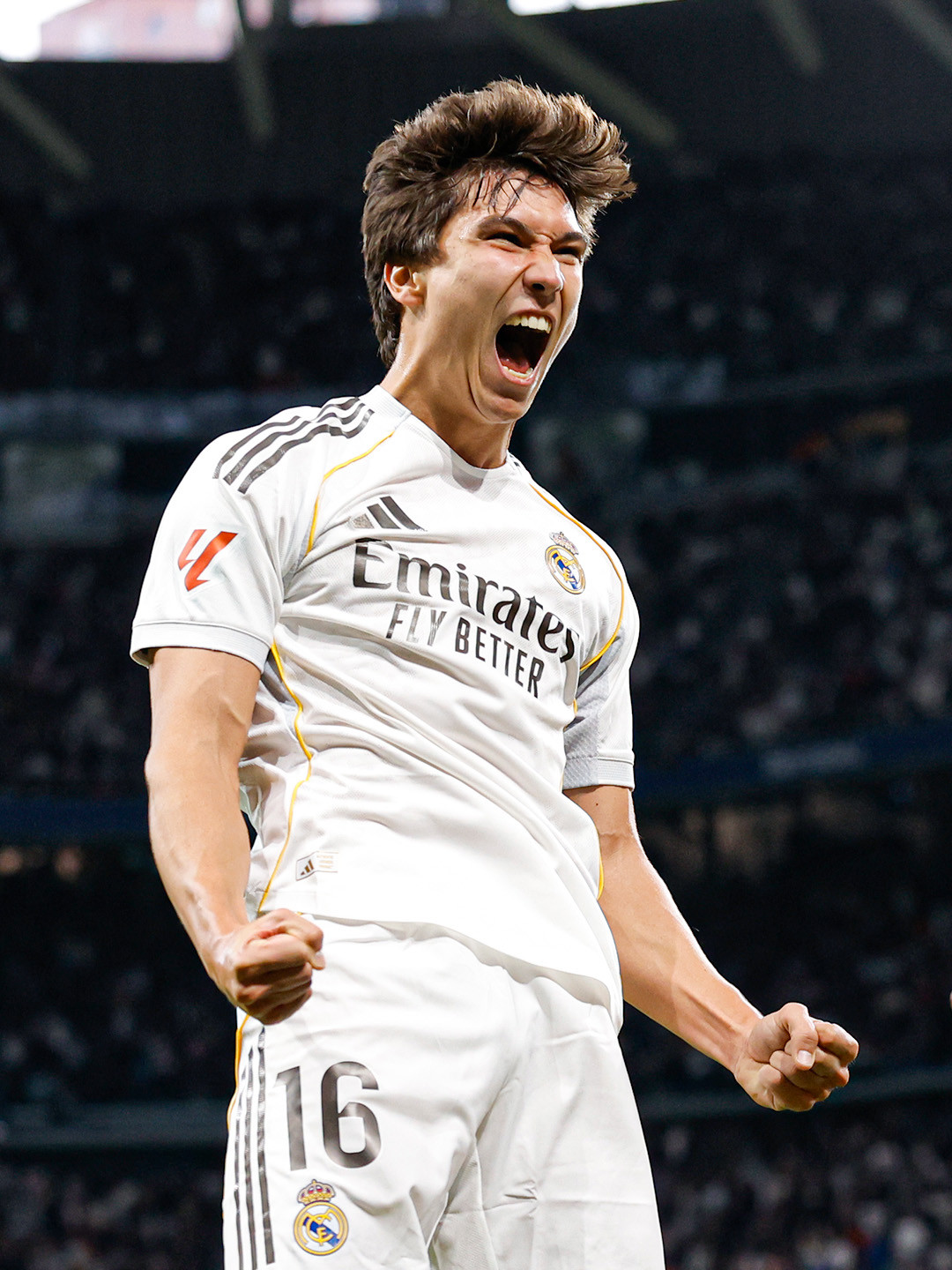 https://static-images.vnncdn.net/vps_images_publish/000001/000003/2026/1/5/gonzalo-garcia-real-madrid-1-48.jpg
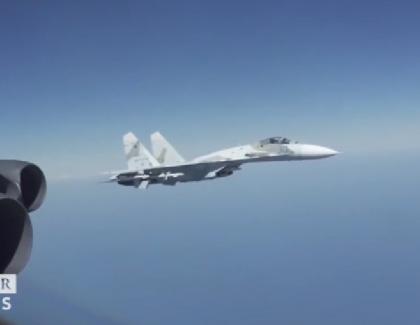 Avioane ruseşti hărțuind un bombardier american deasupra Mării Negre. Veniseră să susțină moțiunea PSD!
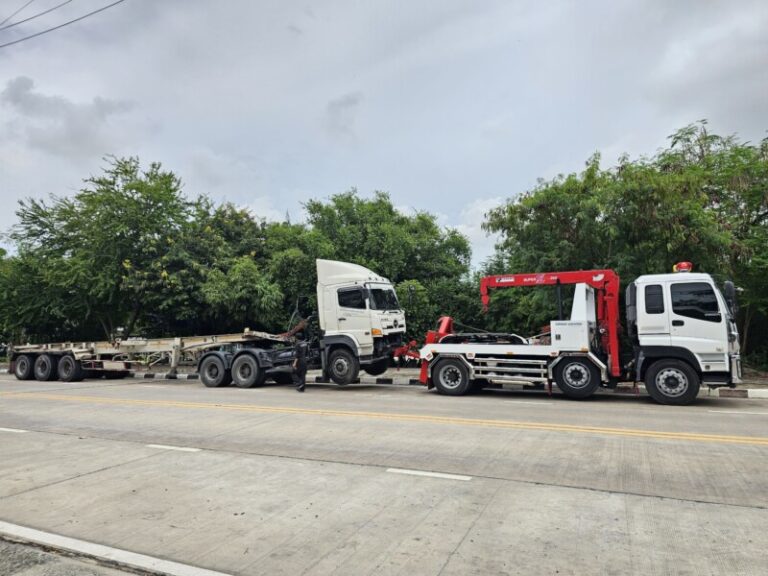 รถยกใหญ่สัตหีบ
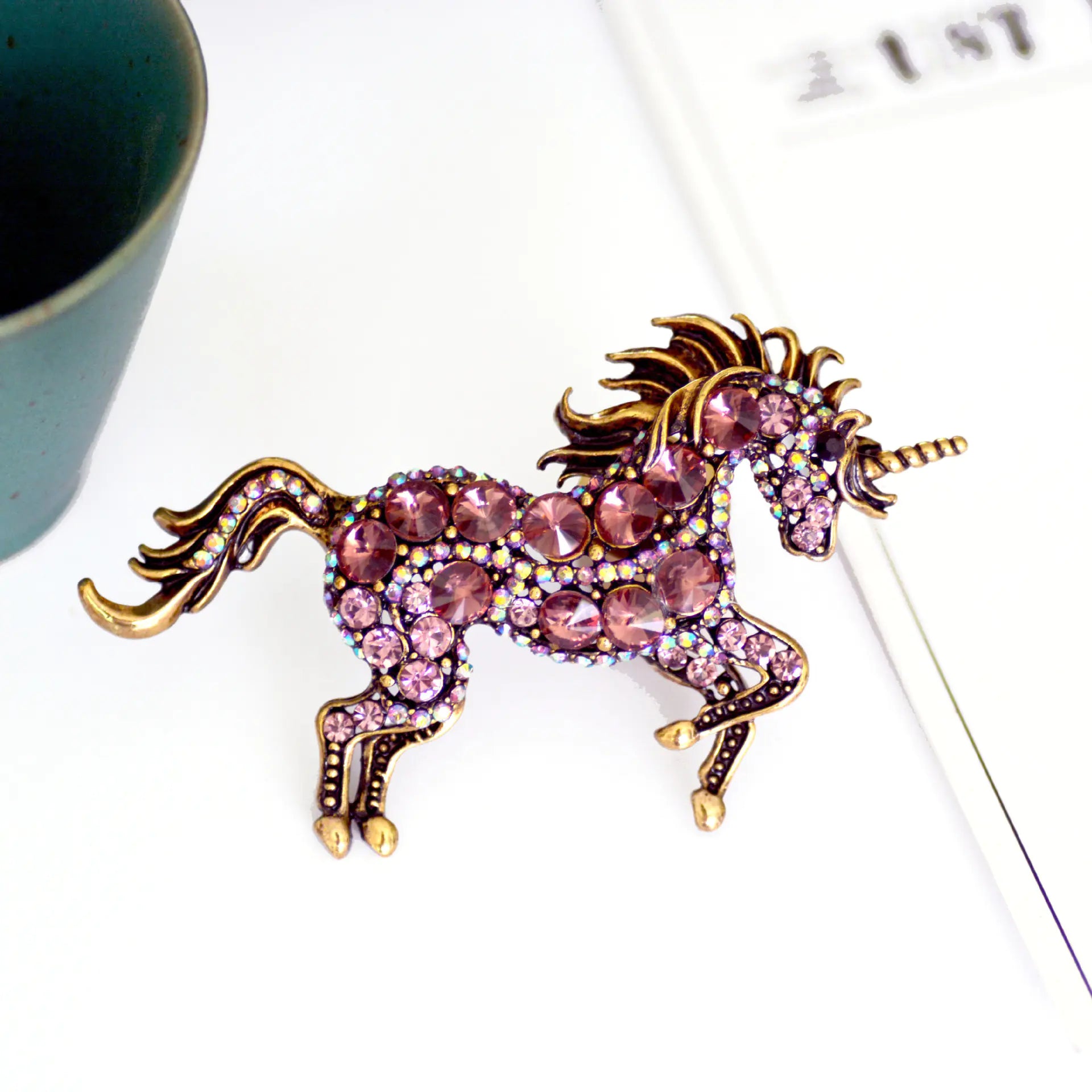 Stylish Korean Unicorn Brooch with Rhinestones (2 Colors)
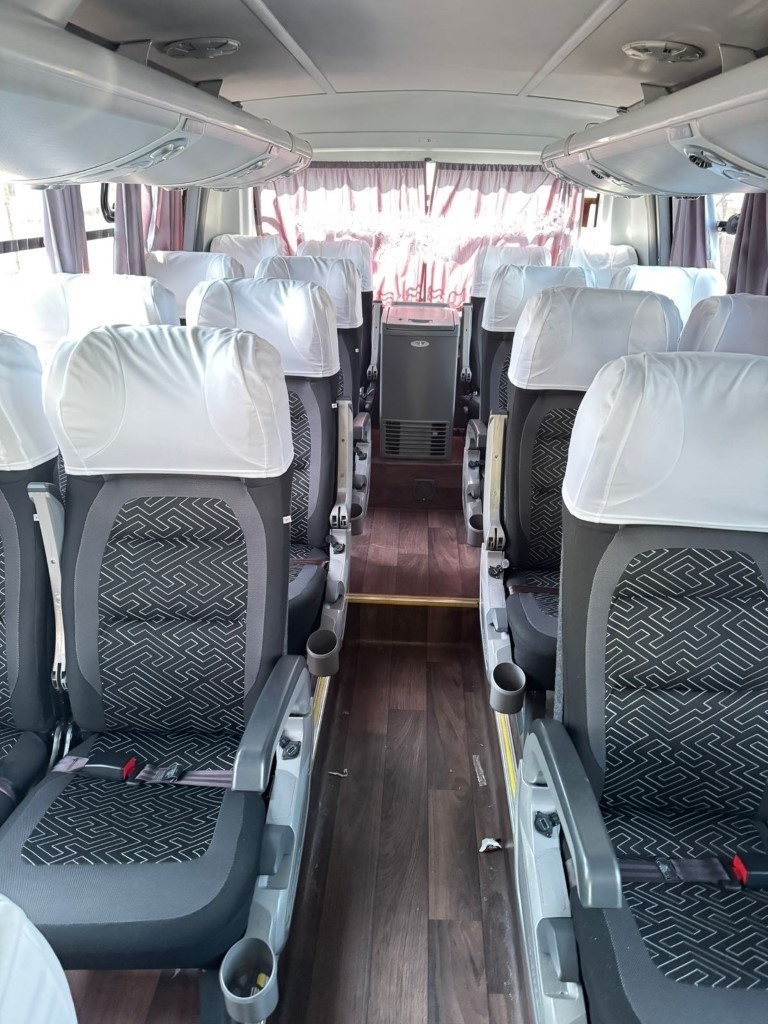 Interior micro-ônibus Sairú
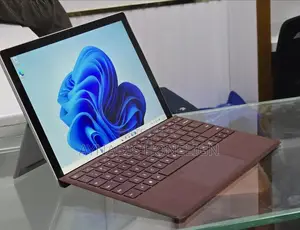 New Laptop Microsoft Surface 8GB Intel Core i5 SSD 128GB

☆ ☆ ☆ ☆ ☆ ☆ ☆

Activity: Restate word for word every line from the top of the entries above to the line with "รถยกใหญ่สัตหีบ", inclusive, and skip any pictures.

Written response:
 https://static-images.vnncdn.net/vps_images_publish/000001/000003/2026/1/5/gonzalo-garcia-real-madrid-1-48.jpg
 Avioane ruseşti hărțuind un bombardier american deasupra Mării Negre. Veniseră să susțină moțiunea PSD!
 รถยกใหญ่สัตหีบ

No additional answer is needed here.